閑話休題、『イギリス文学を旅する60章』(石原孝哉・市川仁編著、明石書店)は、イギリス文学に因んだ60の旅を通して、イギリスの魅力を再発見しようという試みです。
その名は聞いたことがあるが、その人物についてはほとんど何も知らないということがしばしばあるが、本書は、そういう場合も、簡にして要を得た情報を与えてくれます。
例えば、サミュエル・ジョンソンは、このように紹介されています。
「18世紀文壇の大御所と呼ばれ、詩人、エッセイスト、批評家、とりわけ英語辞書編纂者として知られるサミュエル・ジョンソンは、1709年にイングランド中西部スタッフォードシャーのリッチフィールドにある父親が経営する本屋で生まれた」。「(16歳の頃には)父親の財政状態が悪かったために、ジョンソンの将来は不確かで、実家の本屋で手伝いをしながら、書を読み耽り文学の知識を蓄積していった」。本屋の息子に生まれたかったと、私は、ずっと思っていました。
ジョンソンの結婚は、興味深いものです。親友が亡くなり、未亡人となったエリザベスと結婚したのです。「エリザベスは3人の子持ちで45歳で未亡人となる。数カ月後に、裕福な未亡人が十分な資金を提供することで、ジョンソンに結婚を持ちかけたとされている。二人は1735年7月に結婚するが、ジョンソン25歳、エリザベス46歳であった。ジョンソン語録に『金のために結婚するのは悪い人間であり、恋のために結婚するのは愚かな人間である』という有名な言葉があるが、これが自分自身を揶揄したものであるとすれば、けだし名言である」。
「ジョンソンが辞書編纂に忙殺される中、エリザベスは1752年3月に(病気で)亡くなるが、『英語辞典』は1755年4月に出版された。ジョンソンの辞書は英語世界に多大な影響を与えた金字塔ではあるが、独特な定義が散見される」。例えば、「パトロン」は、こう定義されています。「支援・扶助、または保護する人。通例、ぞんざいな態度で扶助し、お世辞を報酬とする浅ましい奴」。

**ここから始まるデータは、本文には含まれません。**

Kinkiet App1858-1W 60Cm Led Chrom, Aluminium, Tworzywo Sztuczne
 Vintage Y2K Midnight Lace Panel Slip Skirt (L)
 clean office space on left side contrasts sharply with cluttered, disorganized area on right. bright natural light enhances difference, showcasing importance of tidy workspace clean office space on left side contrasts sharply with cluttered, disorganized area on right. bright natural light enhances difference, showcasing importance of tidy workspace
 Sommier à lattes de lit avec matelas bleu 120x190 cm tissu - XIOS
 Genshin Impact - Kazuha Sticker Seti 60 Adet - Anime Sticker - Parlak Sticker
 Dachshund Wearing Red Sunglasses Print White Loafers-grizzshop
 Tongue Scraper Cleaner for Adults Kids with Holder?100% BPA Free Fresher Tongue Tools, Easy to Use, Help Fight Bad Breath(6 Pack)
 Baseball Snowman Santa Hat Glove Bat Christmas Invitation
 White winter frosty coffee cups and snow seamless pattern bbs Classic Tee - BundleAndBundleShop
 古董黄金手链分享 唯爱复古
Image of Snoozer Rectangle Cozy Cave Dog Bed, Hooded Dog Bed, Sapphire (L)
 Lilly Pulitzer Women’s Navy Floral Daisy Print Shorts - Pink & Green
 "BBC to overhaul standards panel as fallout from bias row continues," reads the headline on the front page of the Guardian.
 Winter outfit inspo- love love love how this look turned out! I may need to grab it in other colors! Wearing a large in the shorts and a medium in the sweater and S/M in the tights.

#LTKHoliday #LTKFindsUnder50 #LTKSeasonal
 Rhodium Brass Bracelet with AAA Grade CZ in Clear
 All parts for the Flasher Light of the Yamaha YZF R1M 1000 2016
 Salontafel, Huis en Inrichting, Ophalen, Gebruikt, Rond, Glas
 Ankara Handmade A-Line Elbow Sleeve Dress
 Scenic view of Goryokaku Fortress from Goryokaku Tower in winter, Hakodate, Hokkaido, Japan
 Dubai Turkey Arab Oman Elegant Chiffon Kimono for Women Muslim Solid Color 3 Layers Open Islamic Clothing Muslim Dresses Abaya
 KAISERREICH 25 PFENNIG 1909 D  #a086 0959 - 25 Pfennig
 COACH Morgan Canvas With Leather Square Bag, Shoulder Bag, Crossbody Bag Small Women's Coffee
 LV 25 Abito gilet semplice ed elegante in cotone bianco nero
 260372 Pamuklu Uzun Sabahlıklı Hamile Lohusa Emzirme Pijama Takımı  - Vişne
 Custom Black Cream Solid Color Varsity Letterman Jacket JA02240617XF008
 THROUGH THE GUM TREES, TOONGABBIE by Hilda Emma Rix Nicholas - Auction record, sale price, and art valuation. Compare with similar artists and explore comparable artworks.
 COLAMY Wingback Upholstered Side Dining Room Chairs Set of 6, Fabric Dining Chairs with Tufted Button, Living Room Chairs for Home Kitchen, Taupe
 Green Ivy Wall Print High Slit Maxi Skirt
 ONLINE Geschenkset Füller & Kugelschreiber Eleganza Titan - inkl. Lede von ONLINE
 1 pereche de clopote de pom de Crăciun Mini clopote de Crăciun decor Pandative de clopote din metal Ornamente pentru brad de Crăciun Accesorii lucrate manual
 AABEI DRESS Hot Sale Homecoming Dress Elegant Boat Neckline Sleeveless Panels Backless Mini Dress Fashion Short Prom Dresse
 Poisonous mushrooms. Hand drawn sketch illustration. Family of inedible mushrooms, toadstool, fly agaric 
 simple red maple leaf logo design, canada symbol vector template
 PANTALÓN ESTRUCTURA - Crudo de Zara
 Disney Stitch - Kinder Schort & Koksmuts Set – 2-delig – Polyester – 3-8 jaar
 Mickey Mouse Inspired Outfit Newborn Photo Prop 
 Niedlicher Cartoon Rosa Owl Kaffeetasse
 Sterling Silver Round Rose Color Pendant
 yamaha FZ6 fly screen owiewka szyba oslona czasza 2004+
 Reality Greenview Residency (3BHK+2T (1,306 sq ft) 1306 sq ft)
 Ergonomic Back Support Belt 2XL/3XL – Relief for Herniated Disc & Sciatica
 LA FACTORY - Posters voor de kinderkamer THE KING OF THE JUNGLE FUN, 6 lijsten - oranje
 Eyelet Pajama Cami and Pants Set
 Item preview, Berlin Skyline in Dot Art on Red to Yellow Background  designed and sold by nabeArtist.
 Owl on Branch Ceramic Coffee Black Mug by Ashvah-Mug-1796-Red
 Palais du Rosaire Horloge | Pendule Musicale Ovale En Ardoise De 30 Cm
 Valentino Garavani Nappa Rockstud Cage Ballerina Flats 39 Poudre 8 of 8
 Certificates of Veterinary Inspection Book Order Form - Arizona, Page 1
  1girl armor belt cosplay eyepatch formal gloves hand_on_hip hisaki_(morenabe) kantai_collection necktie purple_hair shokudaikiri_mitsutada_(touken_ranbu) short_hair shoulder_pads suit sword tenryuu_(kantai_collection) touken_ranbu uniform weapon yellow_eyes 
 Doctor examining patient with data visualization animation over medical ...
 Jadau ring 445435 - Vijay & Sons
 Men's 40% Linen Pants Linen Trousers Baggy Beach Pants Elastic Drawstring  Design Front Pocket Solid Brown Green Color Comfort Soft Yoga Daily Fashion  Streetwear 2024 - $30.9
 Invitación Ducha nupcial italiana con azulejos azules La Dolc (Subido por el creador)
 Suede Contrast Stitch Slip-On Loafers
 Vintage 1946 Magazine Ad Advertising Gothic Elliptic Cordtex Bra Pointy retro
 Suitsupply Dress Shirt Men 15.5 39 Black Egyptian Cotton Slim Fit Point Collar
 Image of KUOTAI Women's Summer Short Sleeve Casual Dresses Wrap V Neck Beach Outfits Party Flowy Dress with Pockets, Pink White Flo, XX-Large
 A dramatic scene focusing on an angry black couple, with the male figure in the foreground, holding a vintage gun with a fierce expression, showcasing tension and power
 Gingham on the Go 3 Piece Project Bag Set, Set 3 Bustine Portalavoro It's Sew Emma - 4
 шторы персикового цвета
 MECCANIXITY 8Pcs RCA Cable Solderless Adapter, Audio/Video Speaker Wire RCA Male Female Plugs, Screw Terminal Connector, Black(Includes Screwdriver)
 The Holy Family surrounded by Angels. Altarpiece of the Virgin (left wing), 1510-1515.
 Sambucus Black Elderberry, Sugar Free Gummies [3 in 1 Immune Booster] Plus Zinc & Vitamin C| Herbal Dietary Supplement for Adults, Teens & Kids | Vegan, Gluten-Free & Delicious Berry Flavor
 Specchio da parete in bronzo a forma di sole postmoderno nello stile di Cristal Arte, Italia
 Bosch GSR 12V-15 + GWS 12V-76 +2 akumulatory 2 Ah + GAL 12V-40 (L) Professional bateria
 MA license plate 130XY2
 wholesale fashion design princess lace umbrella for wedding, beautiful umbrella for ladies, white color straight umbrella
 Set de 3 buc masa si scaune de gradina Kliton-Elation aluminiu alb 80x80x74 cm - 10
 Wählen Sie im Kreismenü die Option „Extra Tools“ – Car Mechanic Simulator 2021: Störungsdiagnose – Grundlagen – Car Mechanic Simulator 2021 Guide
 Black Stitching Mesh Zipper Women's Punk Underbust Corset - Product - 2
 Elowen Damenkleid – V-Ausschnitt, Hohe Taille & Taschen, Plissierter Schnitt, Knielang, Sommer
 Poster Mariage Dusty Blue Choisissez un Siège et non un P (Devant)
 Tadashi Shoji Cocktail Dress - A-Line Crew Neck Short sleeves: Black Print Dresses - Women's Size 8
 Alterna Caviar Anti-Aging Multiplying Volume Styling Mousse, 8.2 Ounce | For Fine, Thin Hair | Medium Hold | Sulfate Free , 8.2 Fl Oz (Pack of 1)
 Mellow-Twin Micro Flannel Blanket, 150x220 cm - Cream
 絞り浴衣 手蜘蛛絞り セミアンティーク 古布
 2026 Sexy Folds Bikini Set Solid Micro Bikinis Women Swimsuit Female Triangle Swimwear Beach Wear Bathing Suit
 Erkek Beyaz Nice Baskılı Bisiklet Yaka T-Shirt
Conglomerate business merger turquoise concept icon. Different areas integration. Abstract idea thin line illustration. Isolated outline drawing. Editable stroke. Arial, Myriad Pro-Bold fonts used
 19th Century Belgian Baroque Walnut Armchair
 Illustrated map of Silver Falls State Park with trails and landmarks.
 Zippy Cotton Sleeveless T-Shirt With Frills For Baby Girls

「爾来、ジョンソンは『辞書のジョンソン』と呼ばれたが、『英語辞典』出版から約1年後の1756年3月に、どういう訳か5ポンド18シリングの未払いの負債で逮捕されている。『英語辞典』の出版では名声を得たが、経済的な豊かさは付いてこなかったようである」。
「1756年6月に『シェイクスピア全集』に取りかかり、1765年10月に刊行されたが、またたく間に売り切れて増刷となった」。
「1777年には『イギリス詩人伝』の編集に取りかかり、ミルトン、ドライデン、ポープ、スウィフトを始めとして17、18世紀の詩人52名を取り上げ、1779年から1781年にかけて2分冊で出版された」。
本書のおかげで、近寄り難かったジョンソンに親近感を覚えるようになりました。
旅行者のために、ジョンソンの住居、行きつけのパブなどの情報も写真付きで、ちゃんと掲載されています。「これらのパブは、『歴史が息づく街ロンドン』を実際に体感できる場所でもある」。